O, Shu, that holdest up the sky,
Hold up thy servant, lest he die !
We have all possible respect for Mr. Crowley’s religious symbols and we do not object to his calling upon Shu at any hour of the night. Only it would be unreasonable of him to complain if his religious exercises were generally mistaken for an effort to drive away cats.
Moreover, the poets of Mr. Crowley’s school have, among all their merits, some genuine intellectual dangers from this tendency to import religious, this free-trade in Gods. That all creeds are significant and all Gods divine we willingly agree. But this is rather a reason for being content with our own than for attempting to steal other people’s. The affectation in many modern mystics of adopting an Oriental civilization and mode of thought must cause much harmless merriment among actual Orientals.
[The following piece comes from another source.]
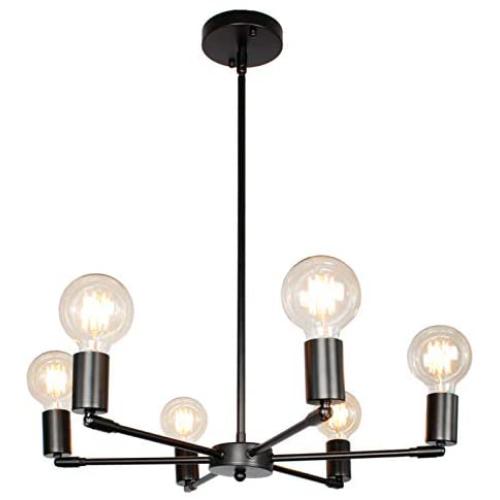 BAODEN 6 Lights Fixture Modern Matte Black Sputnik Chandelier Mid Century Pendant Light Industrial Semi Flush Mount Hanging Lamps for Dining Bedroom Kitchen Lighting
The notion that a turban and a few vows will make an Englishman a Hindu is quite on a par with the idea that a black hat and an Oxford degree will make a Hindu an Englishman. We wonder whether our Buddhistic philosophers have ever read a florid letter in Baboo English. We suspect that the said type of document, is in reality exceedingly like the philosophic essays written by Englishmen about the splendours of Eastern thought. Sometimes European mystics deserve something worse than mere laughter at the hands of Orientals. If ever was a person whom honest Hindus would have been justified in tearing to pieces it was Madame Blavatsky.
That our world-worn men of art should believe for a moment that moral salvation is possible and supremely important is an unmixed benefit. If Mr. Crowley and the new mystics think for one moment that an Egyptian desert is more mystic than an English meadow, that a palm tree is more poetic than a Sussex beech, that a broken temple of Osiris is more supernatural than a Baptist Chapel in Brixton, then they are sectarians. . . . But Mr. Crowley is a strong and genuine poet, and we have little doubt that he will work up from his appreciation of the Temple of Osiris to that loftier and wider work of the human imagination, the appreciation of the Brixton Chapel.
He thought everything profound in Eastern thought was only read into it by Westerners, and displays a very parochial attitude in general to non-Christian ideas.
Incidentally Crowley was directly responsible for one of the first British monks to take his vows, Allan Bennett. He helped him find passage to Sri Lanka to ordain and study.